CloudDocumentCreate { metadata, text, id, 3 more }
Create a new cloud document.
page_positions?: Array<number> | null
indices in the CloudDocument.text where a new page begins. e.g. Second page starts at index specified by page_positions[1].
TextNode { class_name, embedding, end_char_idx, 11 more }
Provided for backward compatibility.
Note: we keep the field with the typo "seperator" to maintain backward compatibility for serialized objects.
embedding?: Array<number> | null
Embedding of the node.
end_char_idx?: number | null
End char index of the node.
excluded_embed_metadata_keys?: Array<string>
Metadata keys that are excluded from text for the embed model.
excluded_llm_metadata_keys?: Array<string>
Metadata keys that are excluded from text for the LLM.
extra_info?: Record<string, unknown>
A flat dictionary of metadata fields
id_?: string
Unique ID of the node.
metadata_seperator?: string
Separator between metadata fields when converting to string.

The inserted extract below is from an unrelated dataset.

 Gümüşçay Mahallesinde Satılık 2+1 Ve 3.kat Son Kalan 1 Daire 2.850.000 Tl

metadata_template?: string
Template for how metadata is formatted, with {key} and {value} placeholders.
mimetype?: string
MIME type of the node content.
relationships?: Record<string, RelatedNodeInfo { node_id, class_name, hash, 2 more } | Array<UnionMember1>>
A mapping of relationships to other node information.

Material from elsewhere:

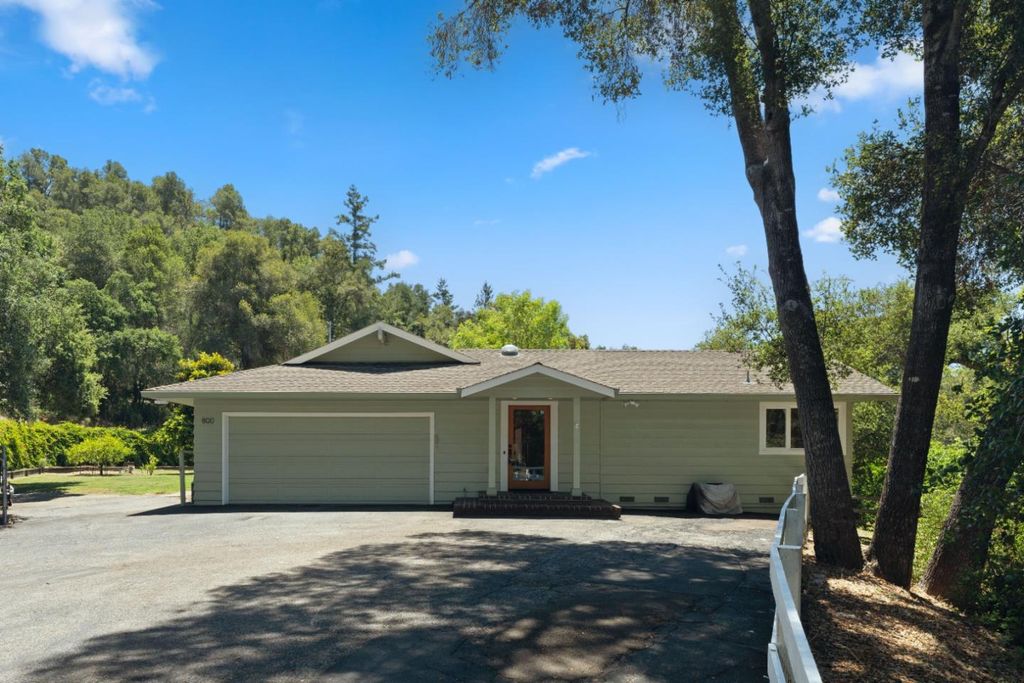 800 Sunset Lane, Soquel, CA 95073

RelatedNodeInfo { node_id, class_name, hash, 2 more }
node_type?: "1" | "2" | "3" | 2 more | (string & {}) | null
"1" | "2" | "3" | 2 more
Array<UnionMember1>
node_type?: "1" | "2" | "3" | 2 more | (string & {}) | null
"1" | "2" | "3" | 2 more
start_char_idx?: number | null
Start char index of the node.
text?: string
Text content of the node.
text_template?: string
Template for how text is formatted, with {content} and {metadata_str} placeholders.